“Rede Social”, na sua origem

Questões Sociais A iniciativa política designada por «Rede Social» surgiu em 1997, e pode considerar-se uma das medidas mais personalistas de política social. Foi instituída pela Resolução do Conselho de Ministros nº. 197/97, de 18 de Novembro. Nos termos desta Resolução, a «Rede» tem como objectivo a «congregação de esforços» de todas as entidades comprometidas na procura de soluções para os problemas sociais. Tais entidades situam-se, naturalmente, a nível de freguesia, de concelho e nacional: a dinamização, a nível de freguesia, é assegurada pela «comissão social de freguesia»; a nível de concelho, pelo «conselho local de acção social»; e, a nível nacional, pela «comissão de cooperação social», integrada por representantes de alguns ministérios, das autarquias locais e de instituições particulares.
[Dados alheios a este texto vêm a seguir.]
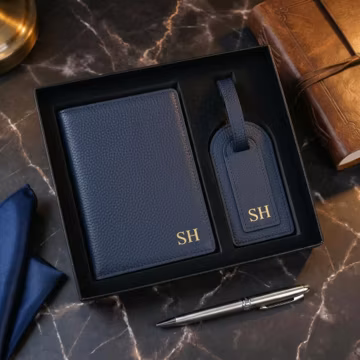 Customized genuine leather passport holder and luggage tag passport set, a personalized honeymoon essential, handcrafted travel accessories.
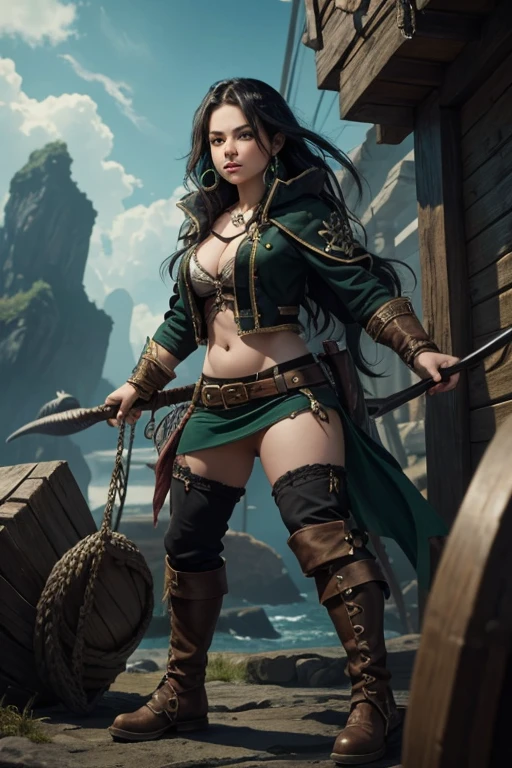 Halfling female pirate, black hair, emerald green eyes, full body, roguish clothing, fighting giant squid, piercings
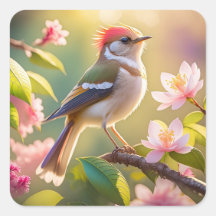 Red Header Buff Chested Warbler Fantasy Bird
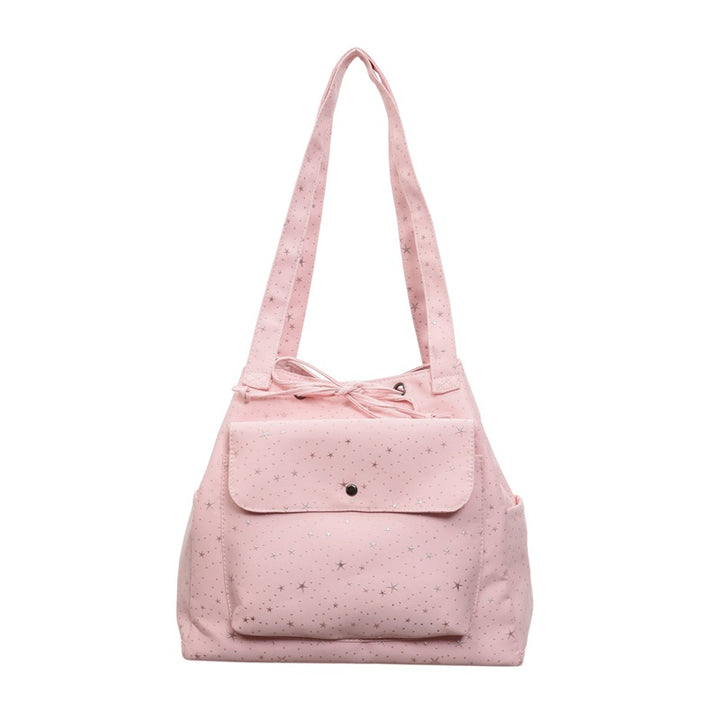 Versatile Casual Tote Bag with Star Print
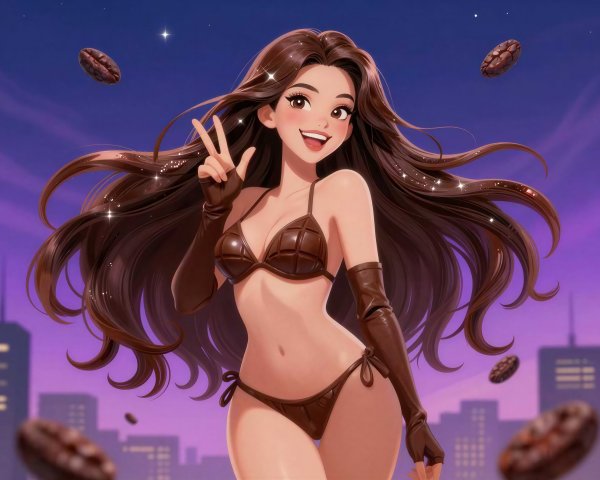 Anime Digital Painting of Smiling Girl in Bikini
Prevê-se, na Resolução, que a procura de soluções para os problemas sociais tenha início na freguesia, e que sejam transferidos para o nível concelhio os problemas não solucionáveis aí. Dentro da mesma lógica, prevê-se que sejam transferidos, para o nível nacional, os que não obtenham solução a nível de concelho; naturalmente, os problemas que exijam a intervenção do poder central poderão originar novas medidas de política. «Pelo menos duas vezes por ano, a comissão de cooperação social reúne em conjunto com os membros do Governo mais directamente responsáveis pelas áreas onde se situam os problemas sociais em aberto, tendo em vista (…)» a adopção das providências tornadas necessárias. Deste modo, toda a sociedade, as autarquias locais e o Estado vinculam-se a lutar pela erradicação da pobreza e a avaliar periodicamente o ponto de situação.

Se, porventura, esta Resolução do Conselho de Ministros tivesse sido aplicada, disporíamos hoje de informação personalizada sobre os casos sociais nas freguesias e nos concelhos e, consequentemente a nível nacional. E, além disso: estariam mais desenvolvidos o compromisso e a consciência sociais; teríamos a consciência do grau de adequação entre os problemas sociais e os meios de solução; e existiria um dinamismo promotor de novas vias de solução e de novas propostas de medidas políticas.

O caminho seguido foi algo diferente, e veio a ter consagração legal no Decreto-Lei nº. 115/06, de 14 de Junho. Porém, ainda se está a tempo de preservar a fidelidade às origens. E, mesmo que não prevaleça esta orientação, nada obsta a que actuem desse modo os grupos e instituições de acção social da Igreja.